By the time the hottest weekend of the season came around, Chicago had already seen two dozen bombings of black residents, none of which was solved by the cops. So the city was already a powder keg of racial resentment when group of teenage boys decided that they wanted to go for a swim.
Eugene Williams, a black 17-year-old originally from Georgia, was among those boys. He and his friends had built a raft to play on in Lake Michigan. While most public accommodations in Chicago were not legally segregated, the beaches around Lake Michigan were the site of strong informal segregation. And as Williams and his friends swam and dove off their raft, they unknowingly drifted into the white section of the water.
Contemporary reports from the Chicago Evening Post state that white people in the water and on the beach grew agitated when they saw black teenagers in “their” section of the lake. A 24-year-old white man named George Stauber began throwing rocks at the boys. It is unclear exactly what happened next — some witnesses saw Williams get hit by the rocks and fall into the water; others say he ducked under to avoid getting hit. But accounts agree that Williams drowned in Lake Michigan as a result of Stauber’s racist harassment.
According to John Turner Harris, a friend of Williams who was interviewed decades later by historian William M. Tuttle, when it became clear that Williams was dead, a black police officer attempted to arrest Stauber. A white cop intervened and did not allow the arrest. An argument broke out between the two officers and Williams’ friends ran to notify other African Americans. According to contemporary reports by the Chicago Commission on Race Relations, a thousand black Chicagoans gathered following the news of the drowning. An altercation between that group and the police resulted in the death of James Crawford, a black man.
Emotions remained elevated for the rest of the day, eventually escalating into violence.
“Irish-American gangs of young men in so-called athletic clubs were the initial cause of the riots,” said Cole. The night after Williams’ death, Irish Americans crossed over from their neighborhood, Bridgeport, into the African-American neighborhoods of Chicago’s south side. “They invaded the neighboring black areas and started attacking,” says Cole.
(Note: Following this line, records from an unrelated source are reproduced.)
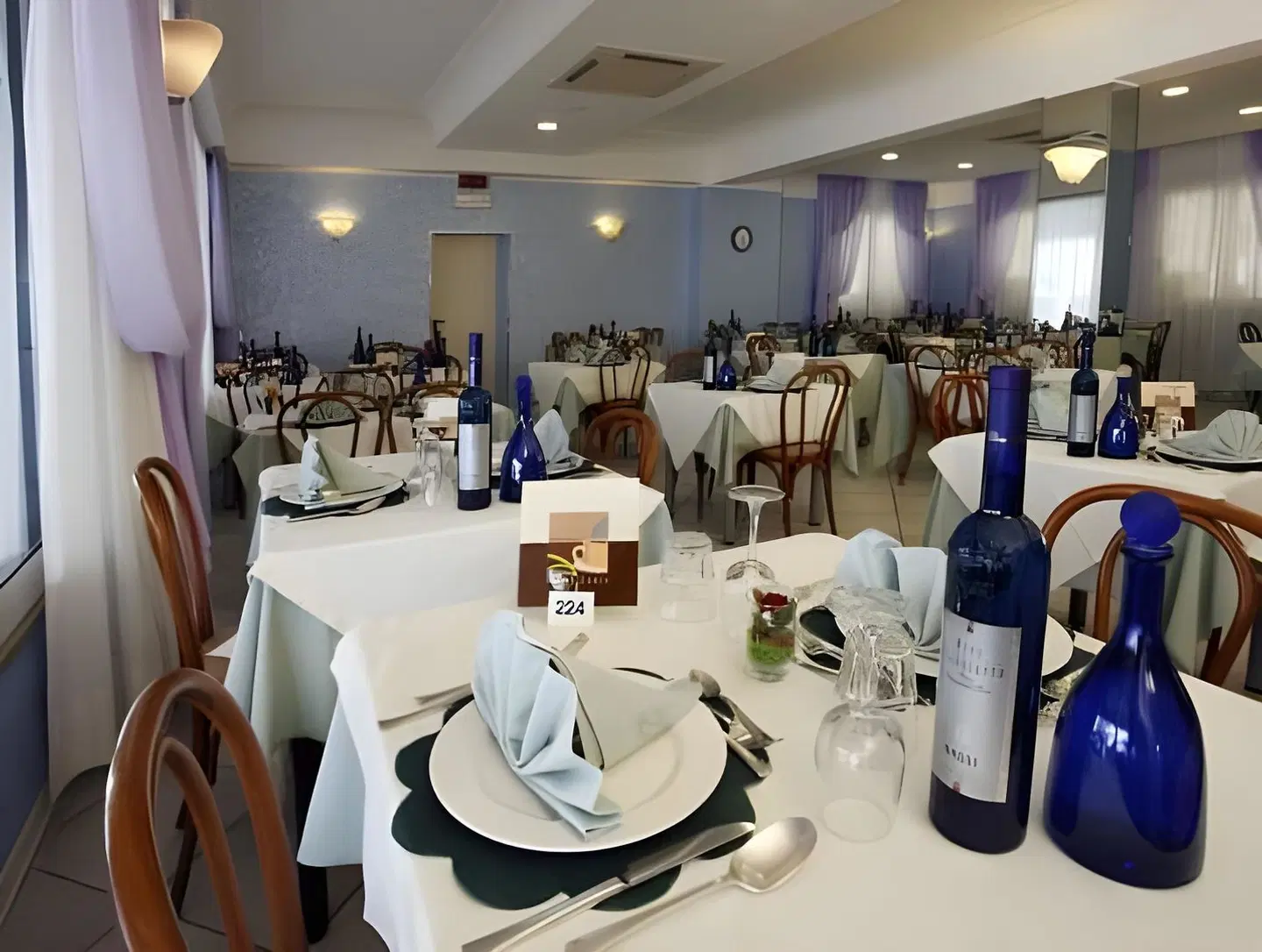 Hotel Cadiz Restaurant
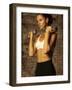 Women Working Out with Hand Wieghts, New York, New York, USA-Paul Sutton-Framed Photographic Print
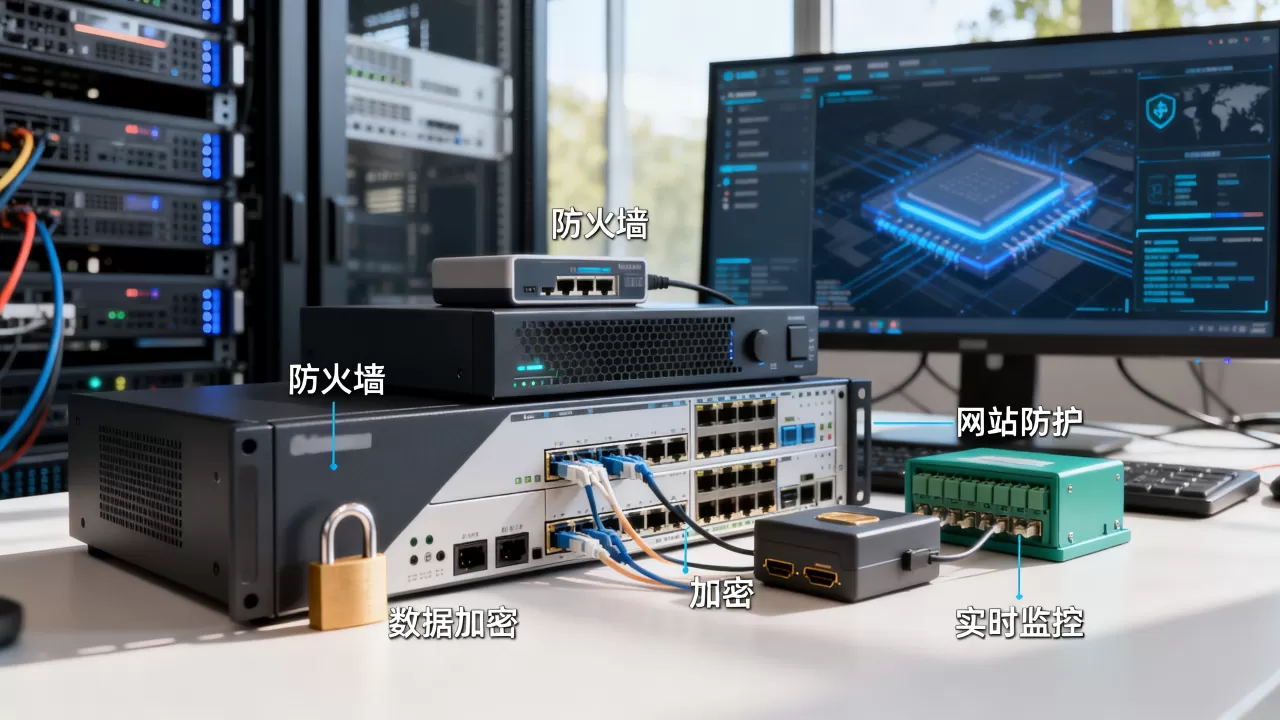 Gname网站防护如何工作?网站安全防护方案有哪些 Gname网站防护如何工作?网站安全防护方案有哪些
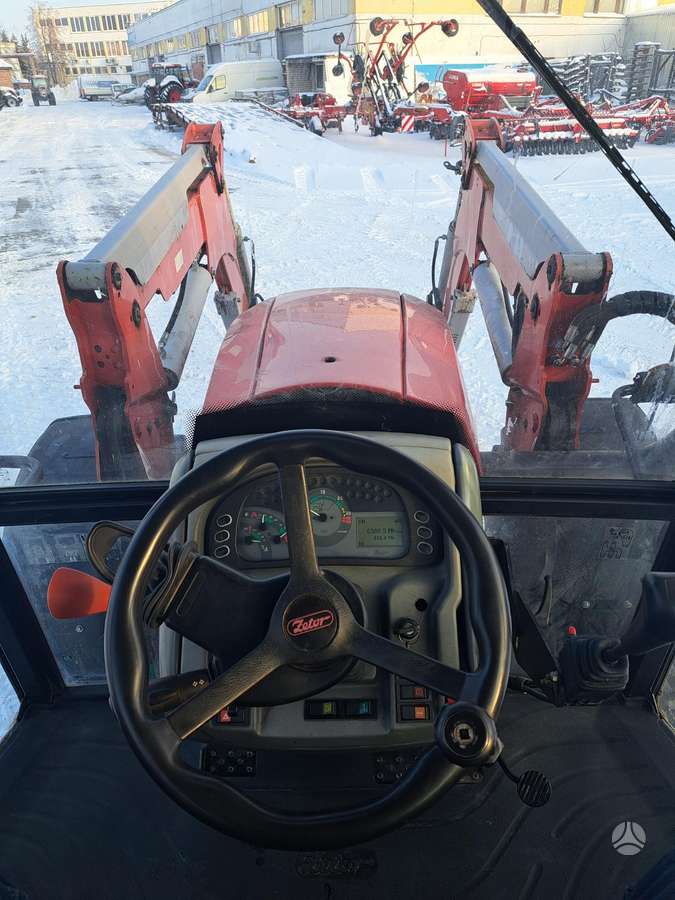 Zetor 120 HSX, тракторы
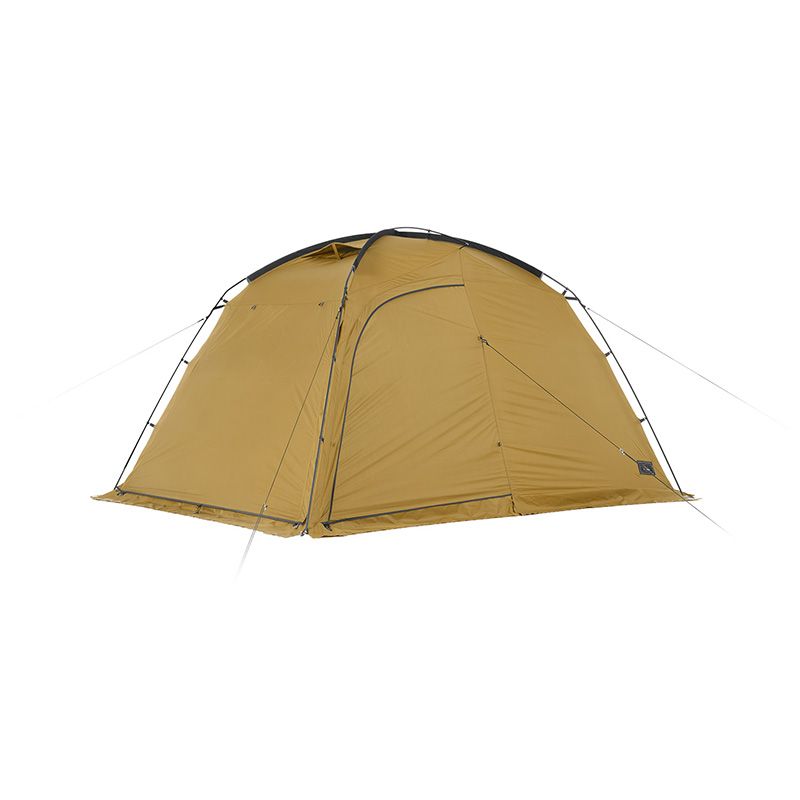 Намет двокімнатний Naturehike CNH22ZP028, гірчичний, 6976507669795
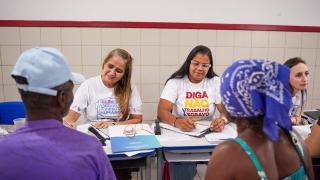 Caravana de direitos Humanos- biritinga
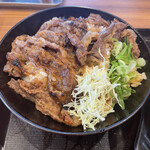 Karubi Don To Sun Dwubu Semmonten Kandon - カルビ丼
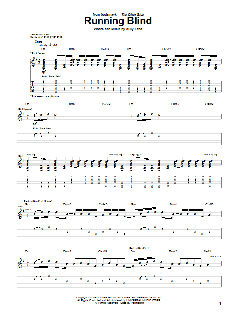 Running Blind (Download) 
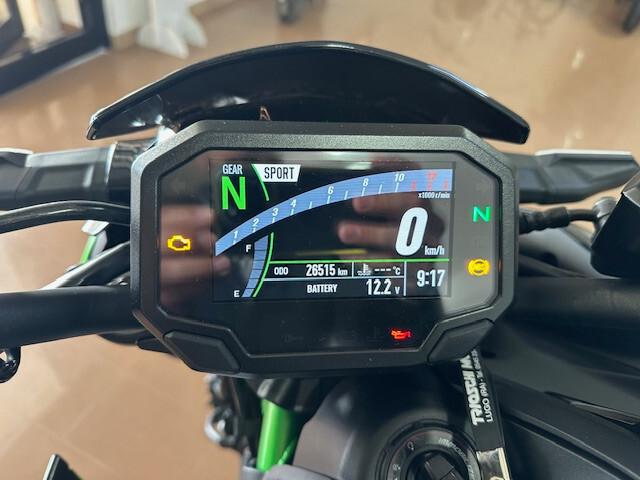 KAVASAKI Z 900 "ABS" KM 26500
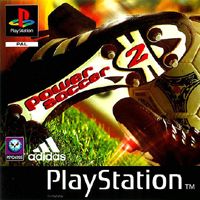 Photo de la boite de Adidas Power Soccer 2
For the next week, battles raged in Chicago. The death toll of the riots was 38 people. Additionally, over 500 people, most of whom were black, were injured and over a thousand people were left homeless. As the violence wore on, the Illinois Reserve Militia was called in to ease the riots. On July 31, the day after the militia entered the city, the violence eased but destruction continued, with arson destroying dozens of homes. The militia remained in Chicago until August 8. It was “the deadliest incidence of racial violence ever” in Chicago, says Cole.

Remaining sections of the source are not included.